I was familiar with Susan Richards’ first memoir, Chosen by a Horse, because I love horses and try to read any equine-related book I can find. Chosen by a Horse is about how Richards adopts an abused standardbred mare from the SPCA, and through her healing relationship with the horse, she comes to terms with her past that was - to put it lightly - highly unpleasant. Richards’ mother died from leukemia when she was a young girl, and her alcoholic father pretty much abandoned her and her older brother. She was tossed from one uncaring relative’s house to another as a young girl and always lacked a sense of belonging. She eventually became an alcoholic trapped in a bad marriage with a man she would later divorce.
Richards already owned several horses before she decided to adopt Lay Me Down from the SPCA, and she probably had no idea the horse would change her life in such a way and inspire her to write a book about the experience. Chosen by a Horse is an haunting book about the bond between humans and horses. It's a unique and unforgettable story about how horses can heal even the most wounded person's soul.
Chosen Forever continues Richards’ story. Much to her astonishment, Chosen by a Horse is not only published but becomes a New York Times bestseller. Richards isn't used to all of the adulation and attention. She has struggled for more than ten years to get published and was rejected many times by publishers. She had pretty much given up on being a writer, even though it was something she'd wanted to do her whole life.
As she embarks on a series of book tours to promote her new book, she rekindles old relationships with friends and relatives, some that she hasn’t see in more than 20 years. As she writes, "The tour was a reminder that when you're doing what your supposed to be doing in life, amazing things can happen."
The plot of Chosen Forever: A Memoir may not seem like something fans of Richards' first memoir may be interested in even though she has probably has a loyal following of readers. The main characters are people, not horses. But like her earlier work, which transcended the animal/human relationship genre, this book transcends most memoirs about human relationships. Although the writing isn't quite as visceral as in her first book, the story is anything but boring.
At her second book reading, Richards sees a man in the crowd and is instantly attracted to him. Because he’s with another woman, she falsely assumes he's with his wife. She points him out to her friend and says that if she were to ever date again, she'd want the man she dated to look just like him. Later, she finds out he’s actually not married to the woman he’s with; she’s just a friend. Richards is later introduced to him.
In her mid-fifties, Richards has pretty much given up on finding a man to share her life with. She has three adoring dogs and a cat to share her bed with. What more could she ask for? When she meets this handsome stranger, she learns he’s Dennis Stock, the famous photographer who photographed such Hollywood icons as James Dean, Marilyn Monroe and Audrey Hepburn. In an eerie twist of fate, it turns out the two had actually met more than twenty years earlier. Richards purchased her beloved home in New York from Stock.

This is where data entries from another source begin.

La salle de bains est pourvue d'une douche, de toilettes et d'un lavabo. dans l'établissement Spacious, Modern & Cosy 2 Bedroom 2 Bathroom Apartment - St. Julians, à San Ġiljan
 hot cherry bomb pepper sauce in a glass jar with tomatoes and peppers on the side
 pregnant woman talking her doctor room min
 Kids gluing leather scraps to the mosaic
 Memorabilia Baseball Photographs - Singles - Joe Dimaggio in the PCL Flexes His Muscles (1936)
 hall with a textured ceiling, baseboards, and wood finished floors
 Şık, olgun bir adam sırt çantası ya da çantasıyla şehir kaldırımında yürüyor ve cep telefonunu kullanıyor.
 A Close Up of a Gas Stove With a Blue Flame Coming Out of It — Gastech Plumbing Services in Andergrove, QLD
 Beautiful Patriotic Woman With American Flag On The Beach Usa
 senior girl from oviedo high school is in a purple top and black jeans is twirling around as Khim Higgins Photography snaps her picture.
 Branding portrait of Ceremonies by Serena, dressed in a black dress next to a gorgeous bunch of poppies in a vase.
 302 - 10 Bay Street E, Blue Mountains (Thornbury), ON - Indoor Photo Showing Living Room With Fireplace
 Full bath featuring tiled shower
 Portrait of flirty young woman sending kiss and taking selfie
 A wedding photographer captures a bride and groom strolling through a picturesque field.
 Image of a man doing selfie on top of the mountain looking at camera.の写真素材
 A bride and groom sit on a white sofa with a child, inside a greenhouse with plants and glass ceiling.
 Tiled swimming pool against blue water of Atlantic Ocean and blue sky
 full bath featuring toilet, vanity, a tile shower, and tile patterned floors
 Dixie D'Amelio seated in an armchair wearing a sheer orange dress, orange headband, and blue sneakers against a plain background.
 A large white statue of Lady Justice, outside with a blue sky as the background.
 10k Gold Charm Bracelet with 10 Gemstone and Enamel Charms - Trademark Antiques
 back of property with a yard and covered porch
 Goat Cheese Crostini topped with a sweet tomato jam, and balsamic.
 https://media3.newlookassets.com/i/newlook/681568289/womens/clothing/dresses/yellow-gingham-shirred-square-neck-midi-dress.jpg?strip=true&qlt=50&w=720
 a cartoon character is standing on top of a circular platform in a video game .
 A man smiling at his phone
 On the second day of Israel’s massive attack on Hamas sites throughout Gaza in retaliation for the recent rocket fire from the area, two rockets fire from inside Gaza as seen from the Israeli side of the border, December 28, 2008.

Although he barely remembers meeting her years earlier, she remembers him as being arrogant and aloof - very different than the person he seems to be today.
To her astonishment, Stock makes it clear to Richards that he’s interested in getting to know her. He tells her she is beautiful, and they exchange contact information. She’s in a quandary. Her anxiety and past relationships tell her it’s not worth the risk to get to know him better. But so many good things happen in life when you take risks; things that propel you forward and allow you to grow. She decides to answer his email a few days later, and they make plans to meet.
Reading Richards’ prose makes you feel like you’re listening to a good friend tell you her story, if only that friend would tell you their deepest fears and triumphs. Her descriptions of her pets will make any animal lover smile. And for anyone who thinks they’re too old, too damaged or too afraid to take a risk and enter in a relationship with someone, this book is a breath of fresh air.